Aquaporins: Channels that speed up water diffusion.
Carrier Proteins: Bind and transport substances across the membrane.
ACTIVE TRANSPORT
Definition:
Requires energy to move solutes against concentration gradients.
Mechanisms:
Calcium Pump and Co-transporters (e.g., sodium-potassium pumps) actively transport ions.
Involves four steps:
Solute bindings.
ATP provides energy.
The transport protein reverts to its original shape.
Prepares for the next solute.
TRANSPORT OF LARGE MOLECULES
Exocytosis:
Exports large materials by vesicle fusing with the plasma membrane and expelling contents.
Endocytosis:
Involves the uptake of substances in bulk through invagination of the membrane.
Receptor-Mediated Endocytosis: Specific uptake of molecules.
Phagocytosis: Cell “eating” to engulf large particles.
ENERGY
The capacity to do work exists in various forms: light, heat, electricity, potential, motion.
Energy can be transformed from one form to another (e.g., electrical to light).
Types include:
Kinetic Energy: Energy of motion.
Thermal Energy: Kinetic energy associated with atomic movement.
Potential Energy: Stored energy based on position.
Chemical Energy: Potential energy available in chemical bonds.
THERMODYNAMICS
Concept:
Study of energy transformations, retains that total energy remains constant.
First Law of Thermodynamics: Energy cannot be created or destroyed; it can only change form.
Entropy: Describes the degree of disorder, which increases with energy transformations, leading energy to spread out.
LAWS OF THERMODYNAMICS
Discuss energy conversion across biological reactions (e.g., cellular respiration).
POTENTIAL ENERGY
Stored in the arrangement of particles, especially in chemical bonds.
CHEMICAL BOND ENERGY
Reactants and Products: Molecules undergo reactions, maintaining atom count before and after.
METABOLISM
All chemical reactions in organisms to gain and use energy, including:
Metabolic Pathway: Series of reactions often stepwise; involves energy coupling.
ATP DRIVES CELLULAR WORK
ATP Hydrolysis: Breaks bonds to release energy.
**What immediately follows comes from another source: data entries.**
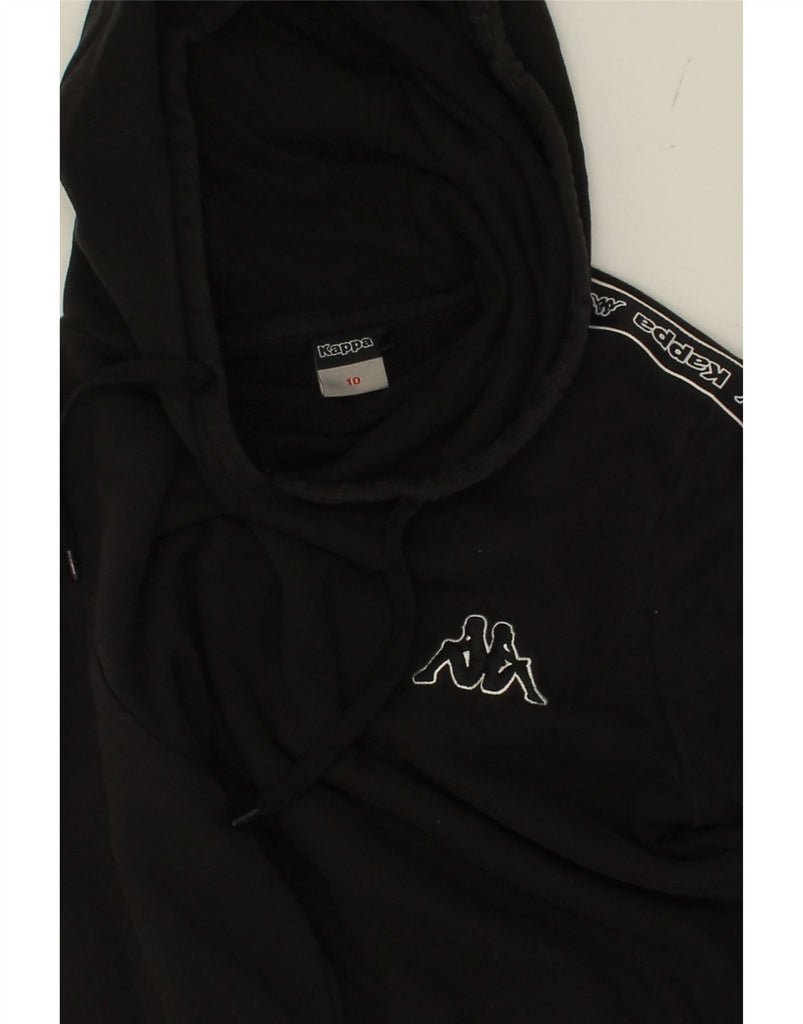 KAPPA Boys Graphic Hoodie Jumper 9-10 Years Black Cotton Vintage Kappa and Second-Hand Kappa from Messina Hembry 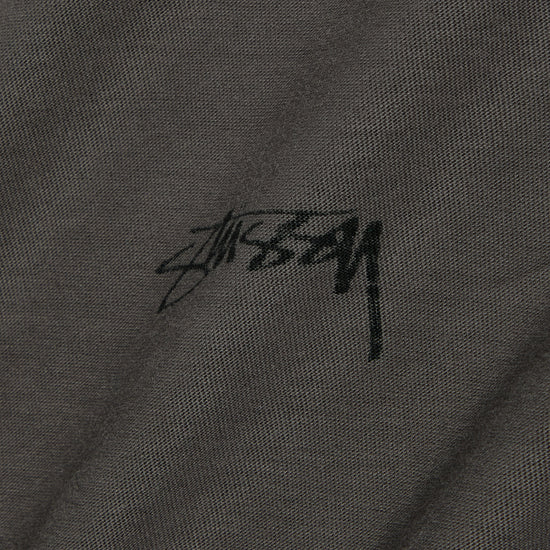 Stussy Pigment Dyed Inside Out Long Sleeve Crew (Faded Black)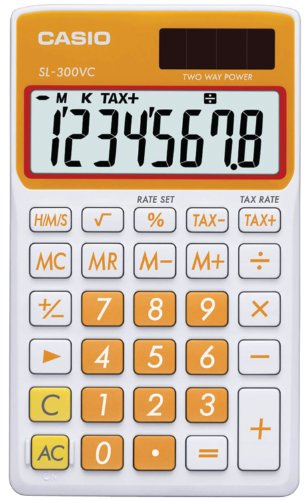 Casio SL-300VC Standard Function Calculator, Orange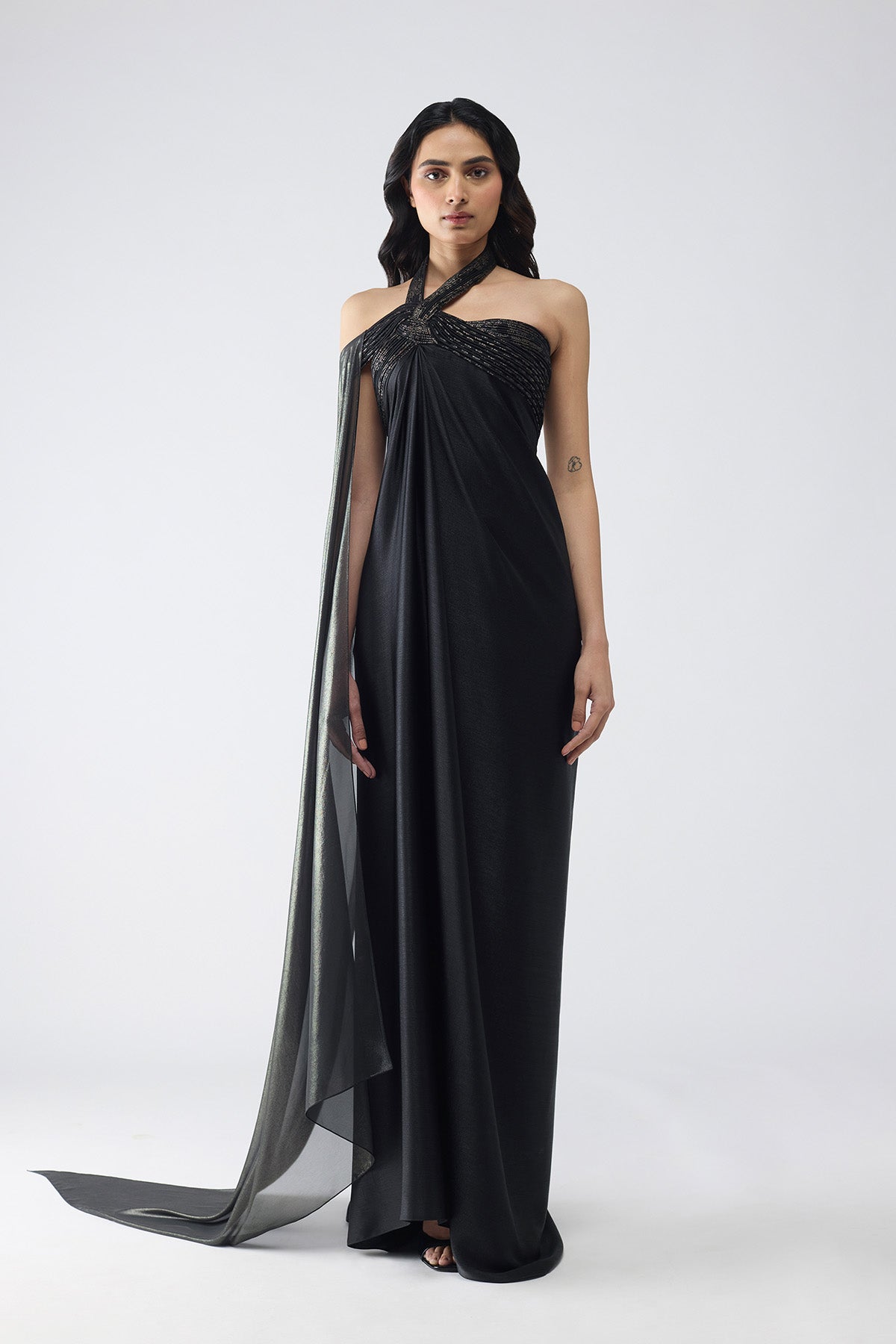 Banarsi Halter Dress with Sleeve Drape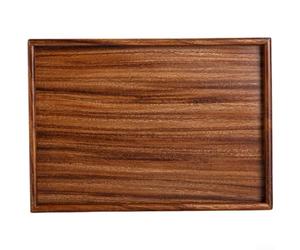 Soucoupe de pour service en Bois de Noyer pour premium Style Asiatique pour Tasses de Thé Cafetière Collations Bordures Arrondies 25x20cm(36x25x2.6cm)
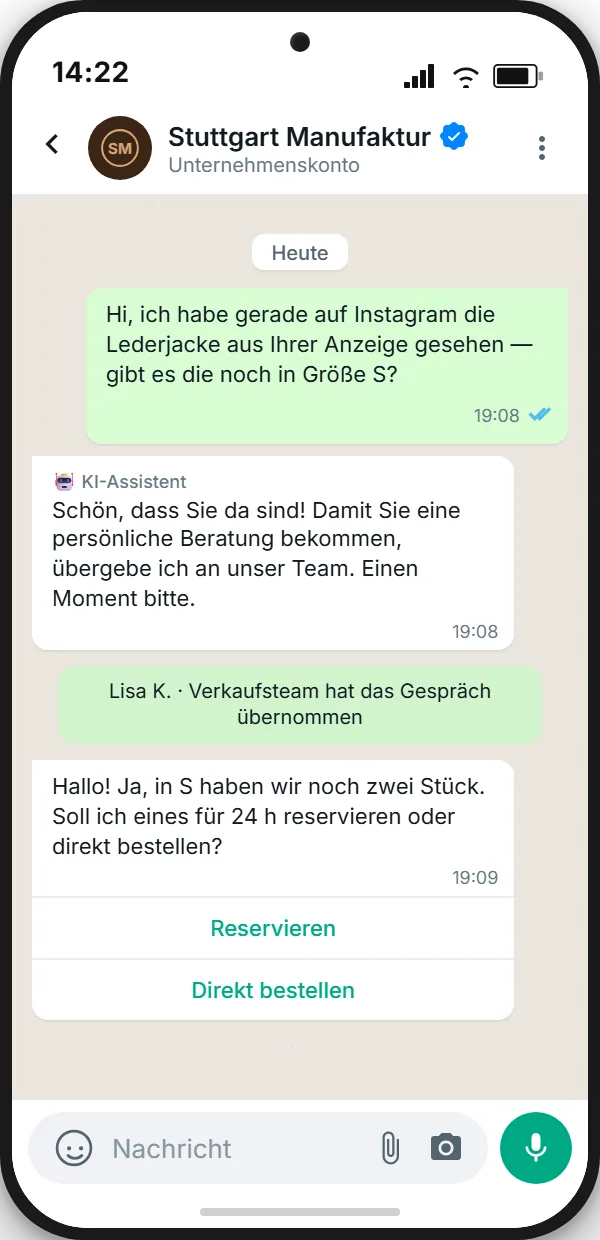 WhatsApp handover from bot to sales team — fashion retailer after a Click-to-WhatsApp ad, personal reply within a minute (German example mockup)
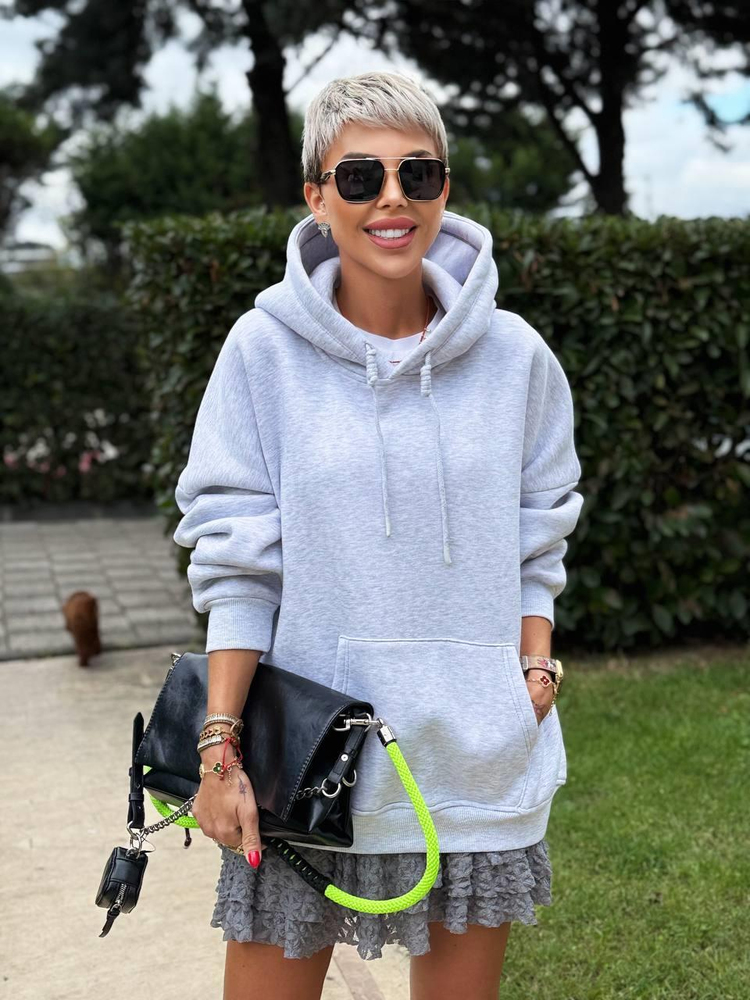 GRİ MELANJ S.STUDIO PREMIUM OVERSIZE HOODIE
Phosphorylation: Transfers phosphate groups for energy transfer.
ATP CYCLE
Continuous process to use and replenish ATP; main driving force for cellular reactions.
ACTIVATION ENERGY
Minimum energy needed to initiate reactions; prevents unwanted reactions from occurring spontaneously.
ENZYMES
Vital for metabolic processes, lowering reaction activation energy.
Active Site: Where substrates bind and reactions occur; enzymes can modify their shape (Induced Fit Model).
Enzymes are not consumed in reactions.
ENZYME HELPERS
Cofactors: Non-protein molecules aiding enzyme function.
Coenzymes: Organic cofactors (often vitamins) involved in reactions.
METABOLISM CONTROL
Cells regulate metabolic pathways based on need; rates depend on reactant/product concentrations.
INHIBITION
Competitive Regulation: Molecules compete for the active site.
Non-competitive Regulation: Molecules bind elsewhere, altering enzyme function.
FEEDBACK INHIBITION
Regulates pathways based on product availability; excess product acts as an inhibitor.